■ DATA SHOWN
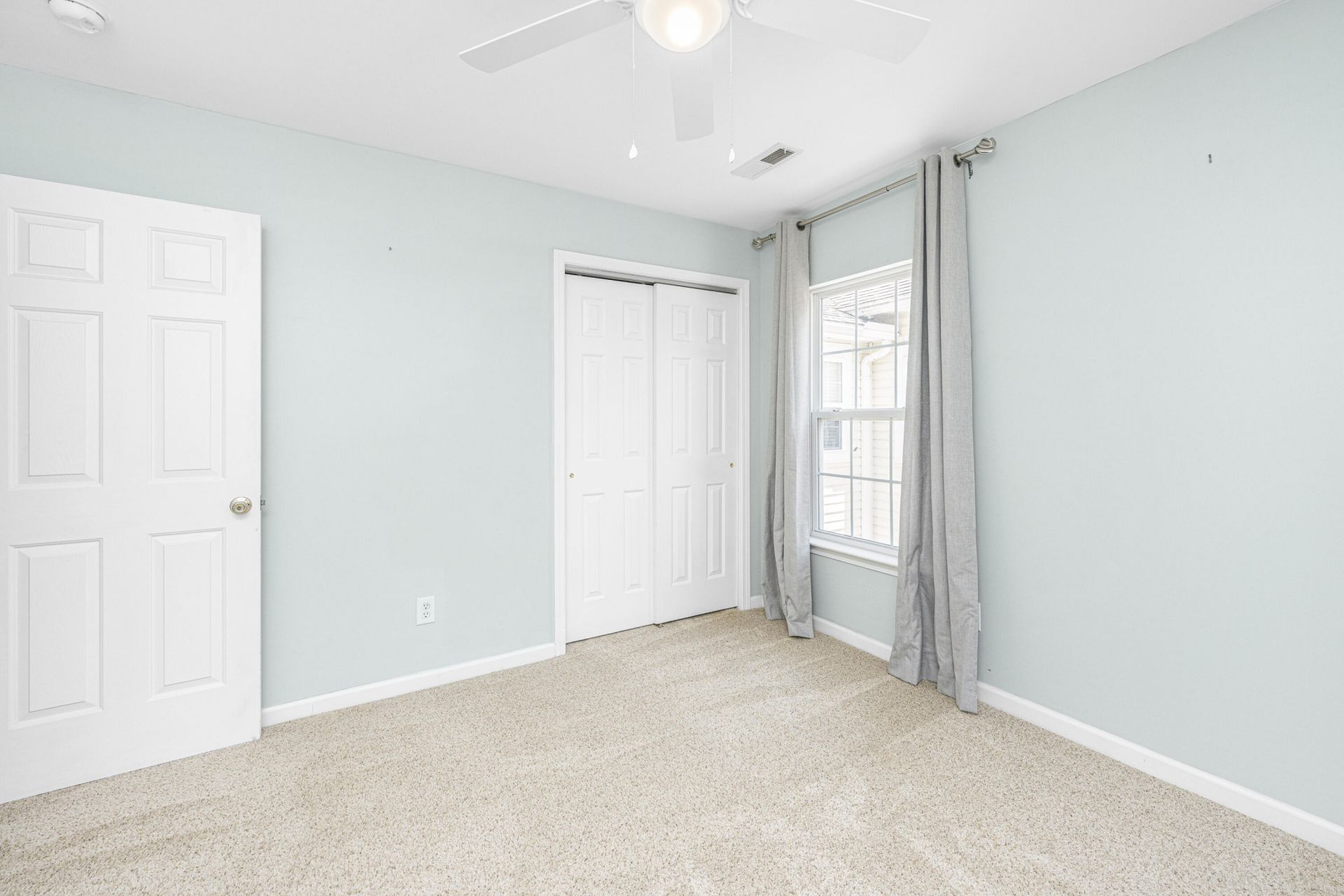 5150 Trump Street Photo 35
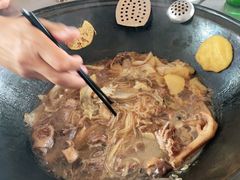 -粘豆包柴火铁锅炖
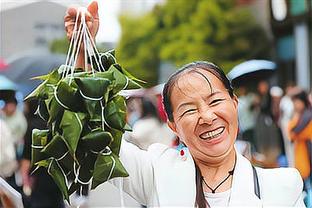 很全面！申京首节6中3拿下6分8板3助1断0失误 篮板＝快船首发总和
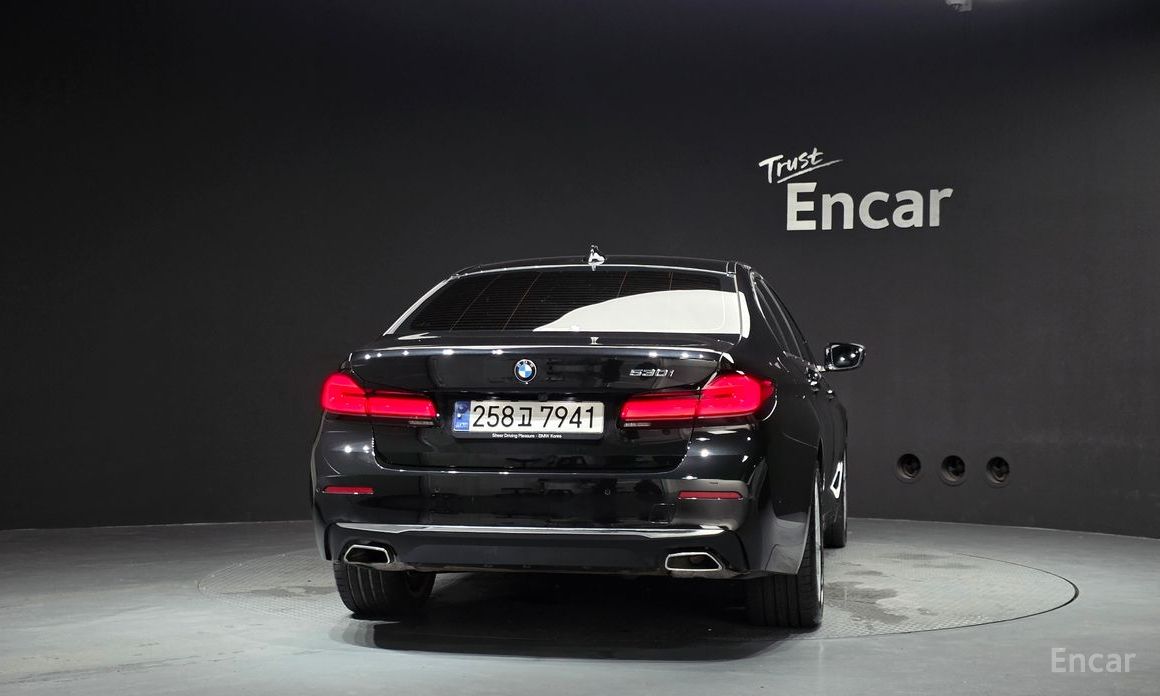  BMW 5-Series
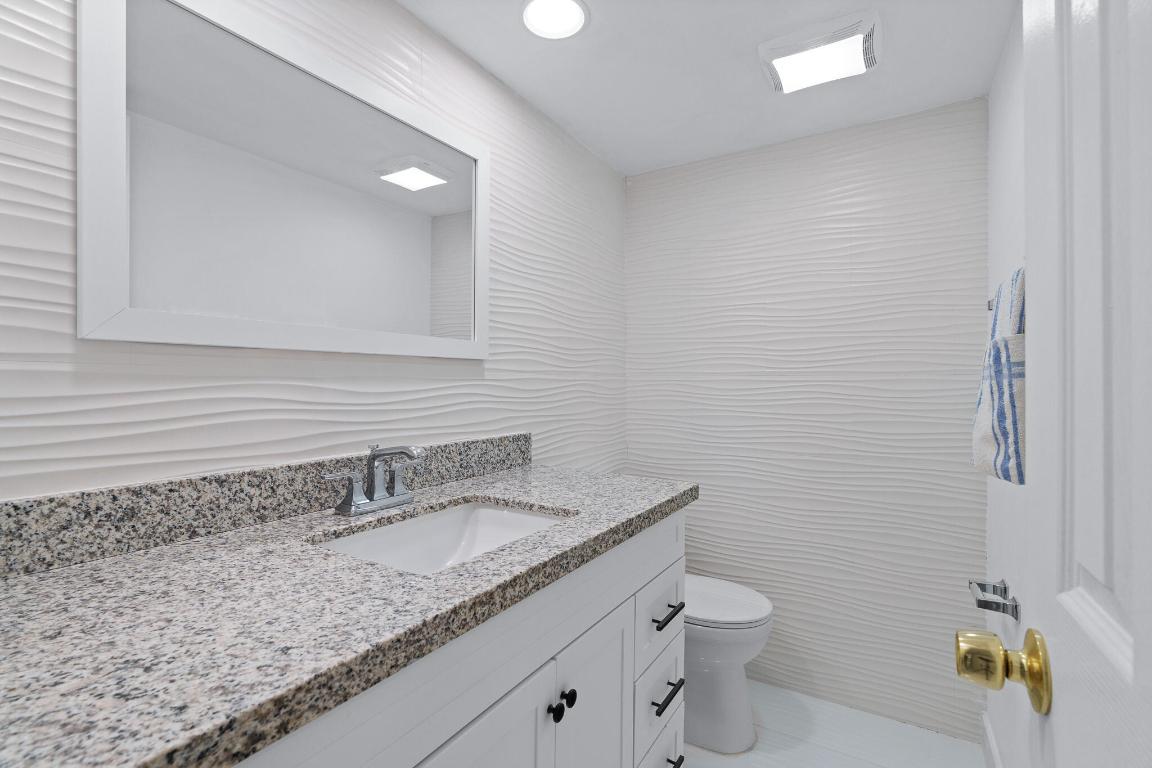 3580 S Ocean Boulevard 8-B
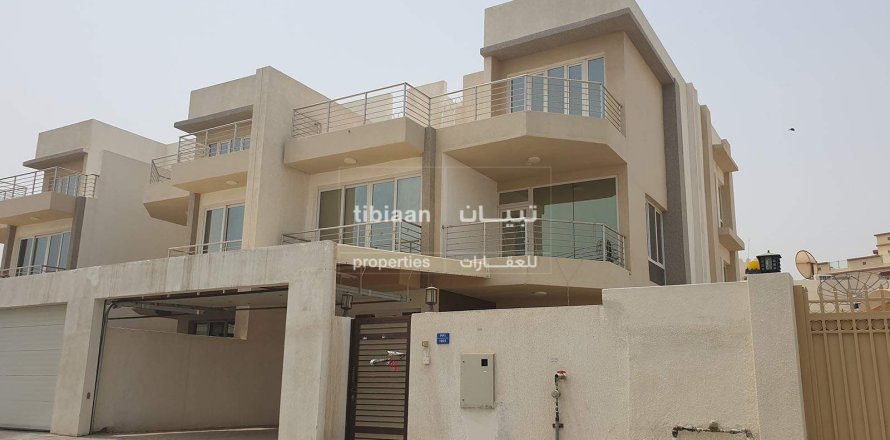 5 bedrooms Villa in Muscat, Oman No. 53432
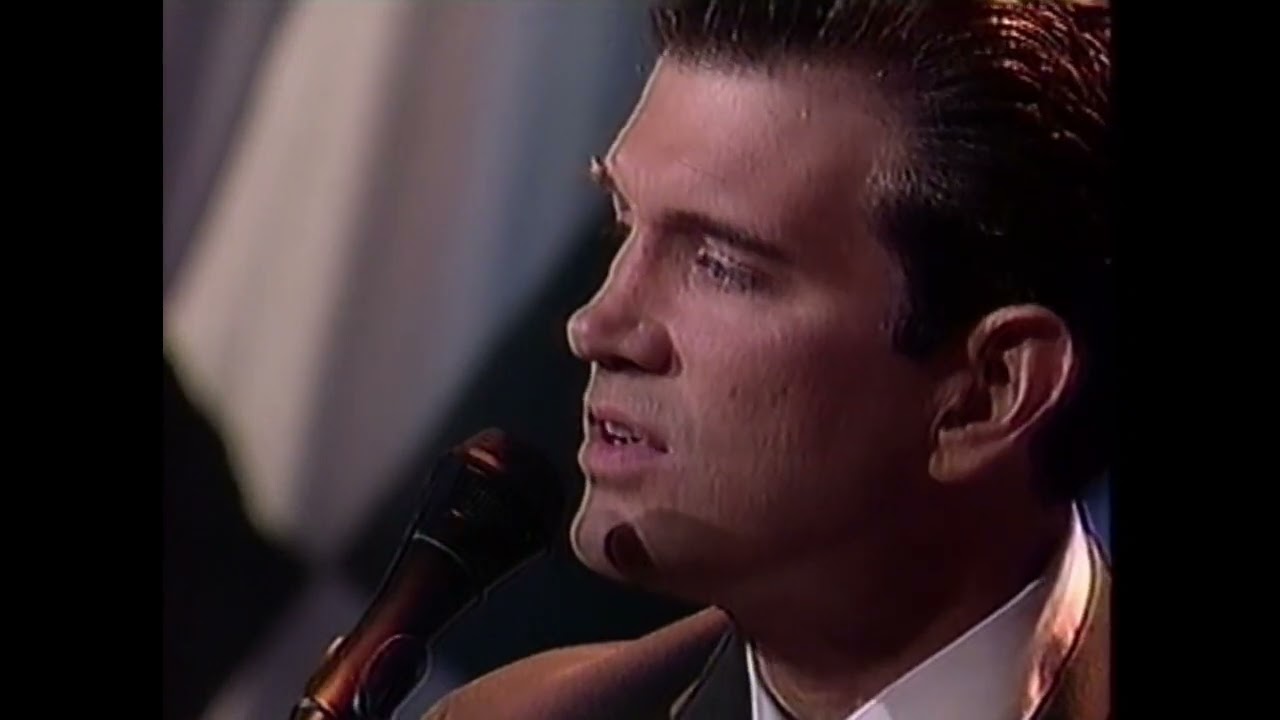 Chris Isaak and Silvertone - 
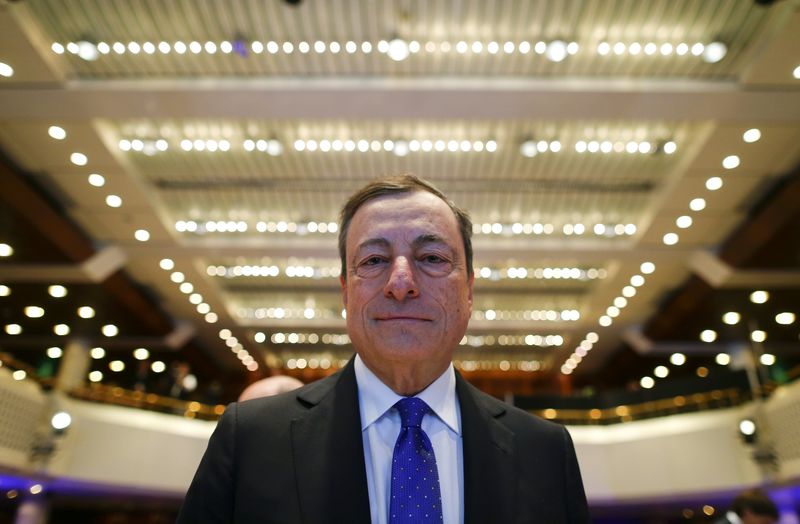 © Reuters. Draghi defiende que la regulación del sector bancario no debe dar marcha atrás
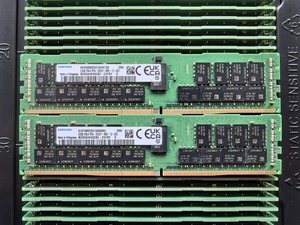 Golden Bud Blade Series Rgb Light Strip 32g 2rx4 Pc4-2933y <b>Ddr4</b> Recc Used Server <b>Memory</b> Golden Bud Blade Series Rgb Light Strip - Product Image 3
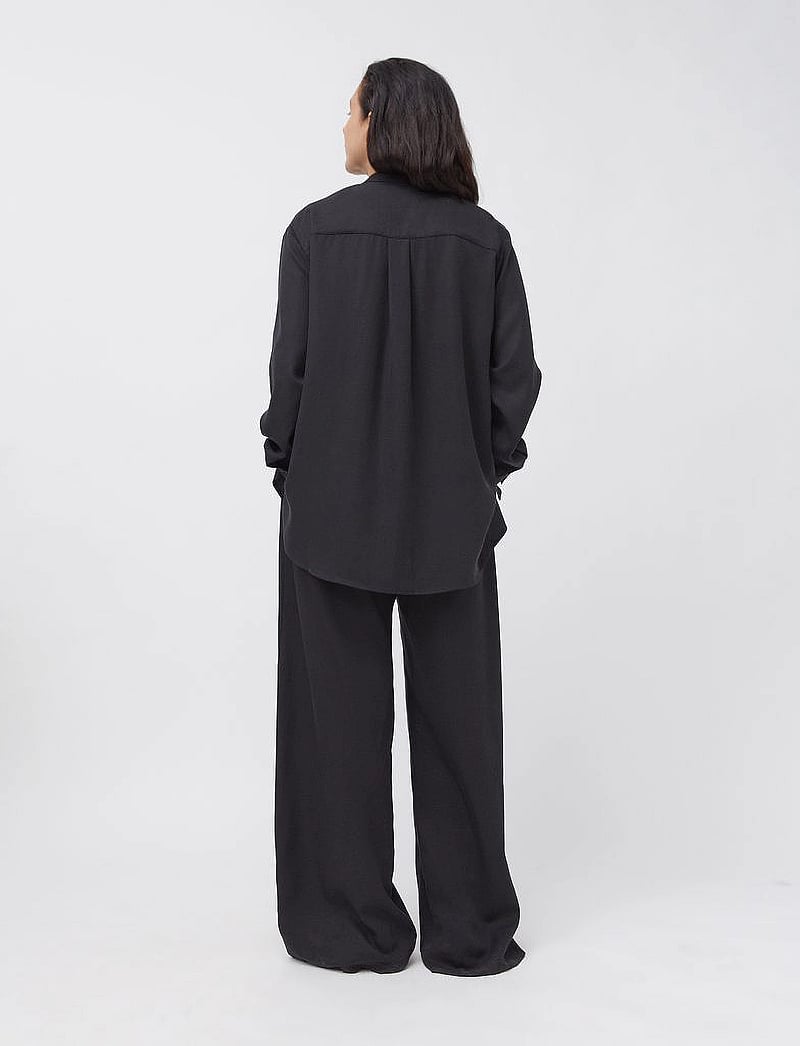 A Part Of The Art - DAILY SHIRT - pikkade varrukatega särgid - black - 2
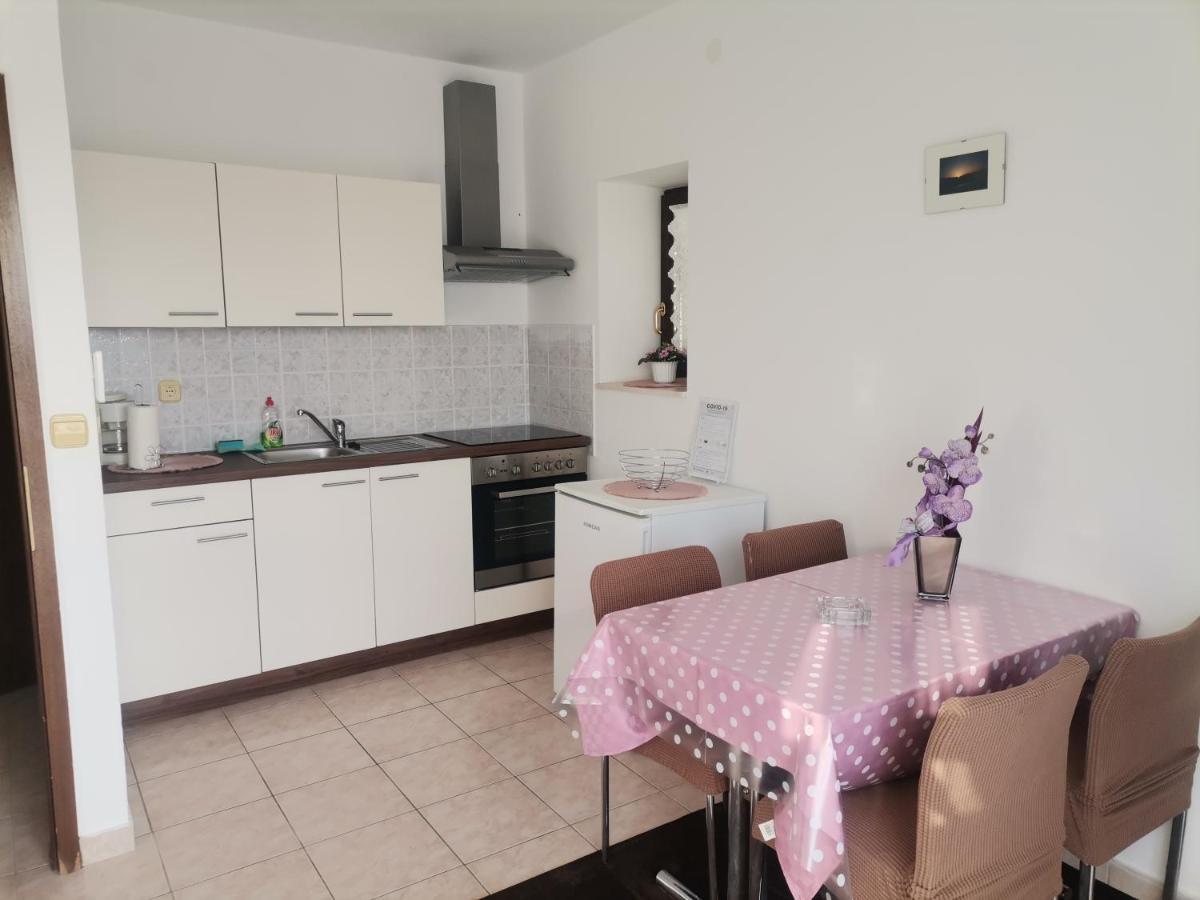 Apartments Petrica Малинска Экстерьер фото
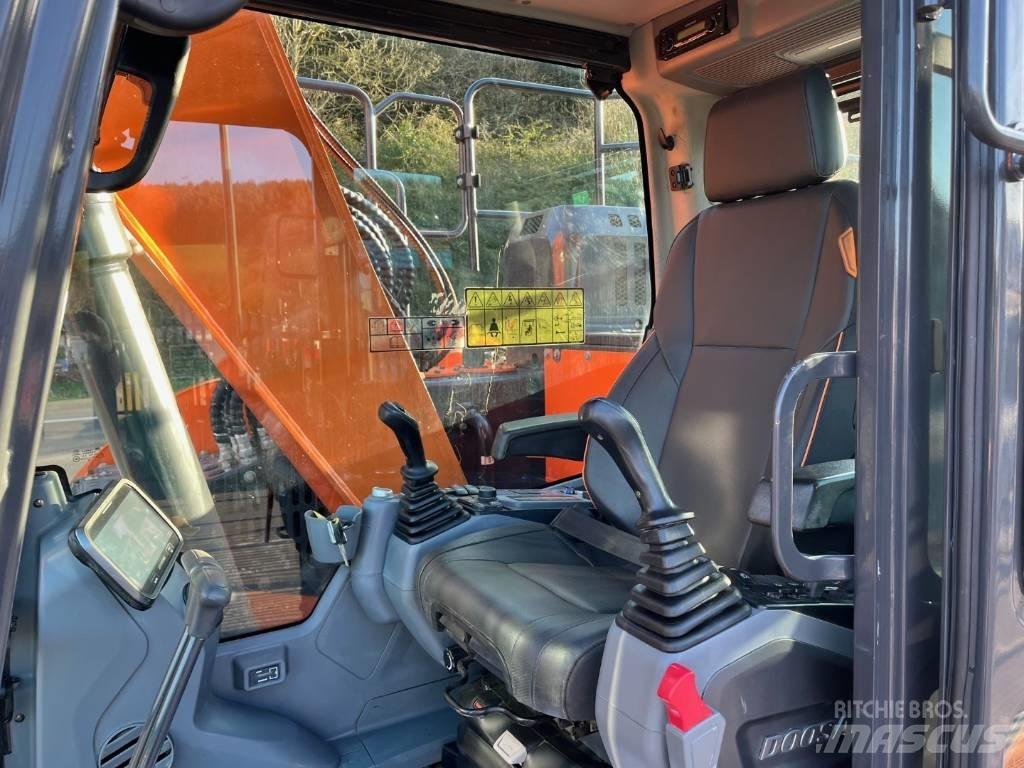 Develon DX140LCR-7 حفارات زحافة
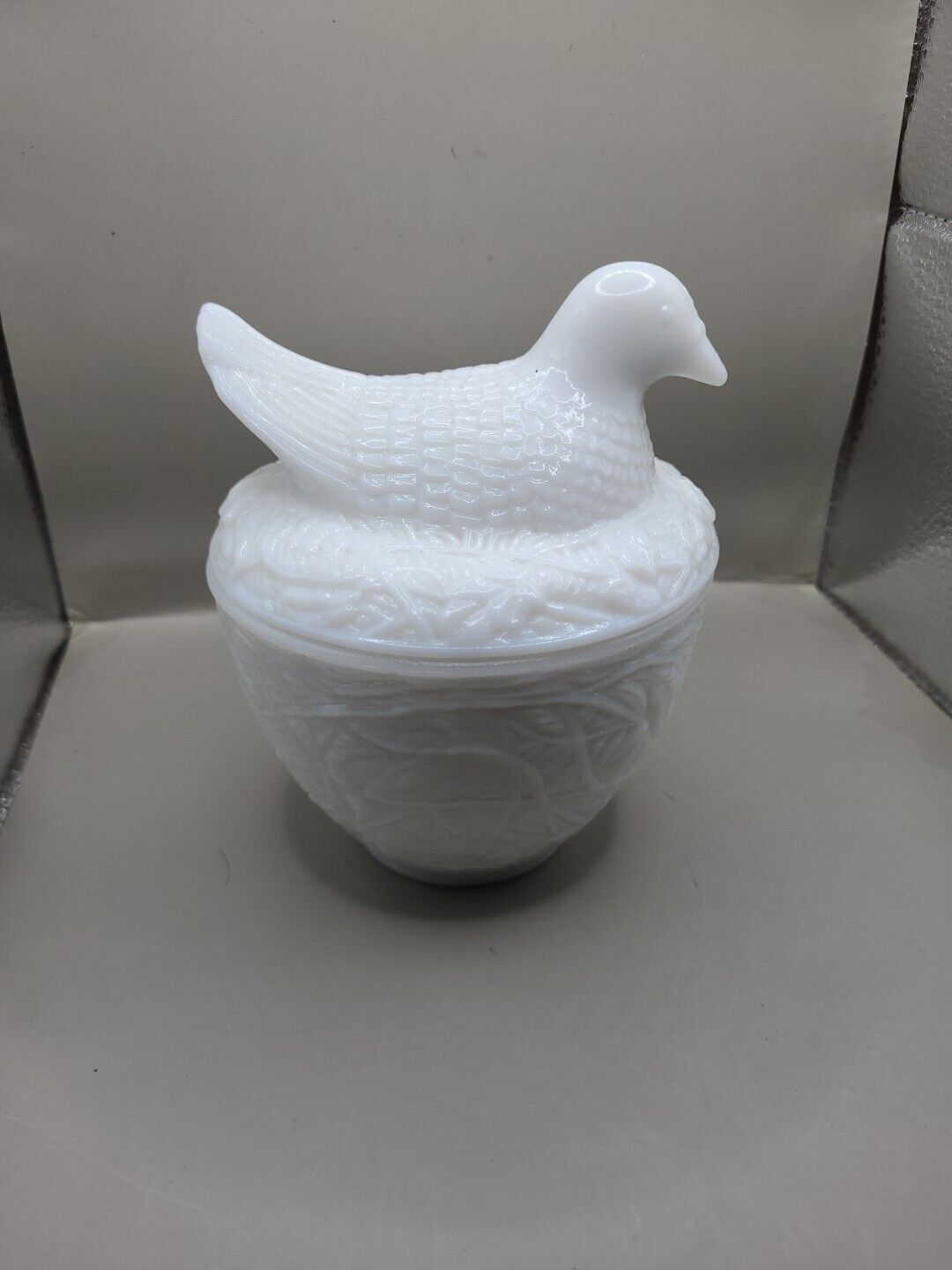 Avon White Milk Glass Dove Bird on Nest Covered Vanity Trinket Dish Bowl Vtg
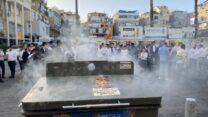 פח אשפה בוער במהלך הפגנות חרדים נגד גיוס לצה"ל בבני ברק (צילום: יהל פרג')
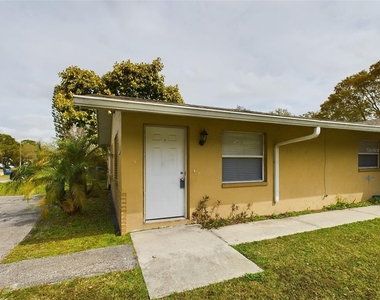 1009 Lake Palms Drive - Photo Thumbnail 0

■ WHAT THE TASK REQUIRES
Any pictures above are to be left out. Retype the rest of the records exactly.

■ RESULT OF THIS EXERCISE
 5150 Trump Street Photo 35
 -粘豆包柴火铁锅炖
 很全面！申京首节6中3拿下6分8板3助1断0失误 篮板＝快船首发总和
  BMW 5-Series
 3580 S Ocean Boulevard 8-B
 5 bedrooms Villa in Muscat, Oman No. 53432
 Chris Isaak and Silvertone - 
 © Reuters. Draghi defiende que la regulación del sector bancario no debe dar marcha atrás
 Golden Bud Blade Series Rgb Light Strip 32g 2rx4 Pc4-2933y <b>Ddr4</b> Recc Used Server <b>Memory</b> Golden Bud Blade Series Rgb Light Strip - Product Image 3
 A Part Of The Art - DAILY SHIRT - pikkade varrukatega särgid - black - 2
 Apartments Petrica Малинска Экстерьер фото
 Develon DX140LCR-7 حفارات زحافة
 Avon White Milk Glass Dove Bird on Nest Covered Vanity Trinket Dish Bowl Vtg
 פח אשפה בוער במהלך הפגנות חרדים נגד גיוס לצה"ל בבני ברק (צילום: יהל פרג')
 1009 Lake Palms Drive - Photo Thumbnail 0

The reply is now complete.